Architectural Pattern for Software Components


  • A common way to handle system complexity is Component-Based Software Engineering
  • Individual components are composable building-blocks that can be (re-)used in different applications (i.e. systems)
  • Components in a system are not independent of each other but need to exchange data
  • Interconnected components realize (and collaboratively execute) overall system functions (e.g. the navigation stack)

Modeling and developing a software component is the main responsibility of Component Suppliers.
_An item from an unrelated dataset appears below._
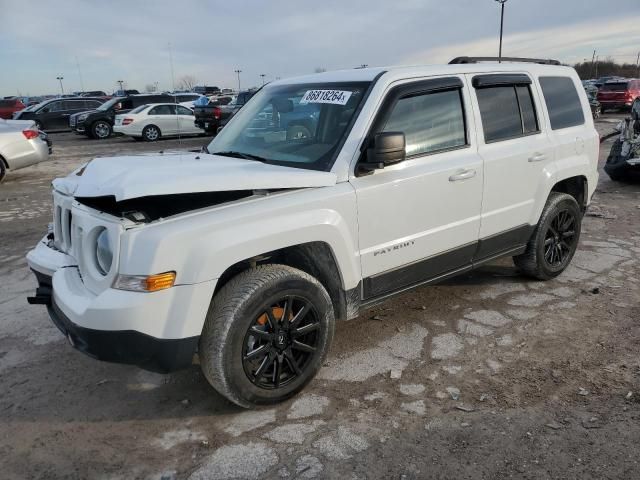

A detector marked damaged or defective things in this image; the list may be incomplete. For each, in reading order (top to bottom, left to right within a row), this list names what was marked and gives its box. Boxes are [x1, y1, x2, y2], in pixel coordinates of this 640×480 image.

This architectural pattern relates to the following abstraction levels:

  • Skill (level) requires a coordination interface for each component
  • Service (level) specifies interaction points to other components (i.e. the communication concern)
  • Function (level) realizes the component’s internal functionality
  • Execution Container (level) links functionality with the execution platform (i.e. the computation concern)
  • Hardware (level) allows to directly interact with sensors and/or actuators within a component


  • The overall system behavior at run-time is the result of sets of interconnected components that need to be executed in a systematic and deterministic way.
  • Real-world environments are open-ended and unpredictable in nature which requires a certain adaptability and flexibility of the robot system behavior.
    • System flexibility in turn requires run-time reconfigurability of individual components. Configuration options of individual components might involve design-time and run-time configurability and depend on the internal (i.e. functional) realization of a component.
  • There are cases where several provided services might need to be realized in a single component (e.g. because the used library cannot be separated into several components)
  • The overall role of a component is manifold:
    • to realize a coherent set of provided services
    • to specify dependencies to other services (provided by other components)
    • to encapsulate (i.e. decouple) the functional (internal) realization of services from their general representation on system level
    • to specify allowed configuration options and possible run-time modes (i.e. to be used from the skill level)
    • to hide platform-related details such as communication middleware, operating system and internally used device drivers (i.e. mapping to the execution container and interacting with sensors/actuators)


The concept of a component spans across several abstraction levels:

From a functional point of view, a component spans over “Execution Container”, “Function”, “Service” and optionally also the “Skill” levels. From the robotic behavior coordination point of view, a component is on the level of robotic skills1).

A flexible component model that allows different bundlings of several provided services and that decouples the service definition from its realization within a component:

  • a component can realize more than one provided service but a certain provided service is realized by exactly one distinct component
  • a component should implement or use a service but not define it (service definition is a separated step)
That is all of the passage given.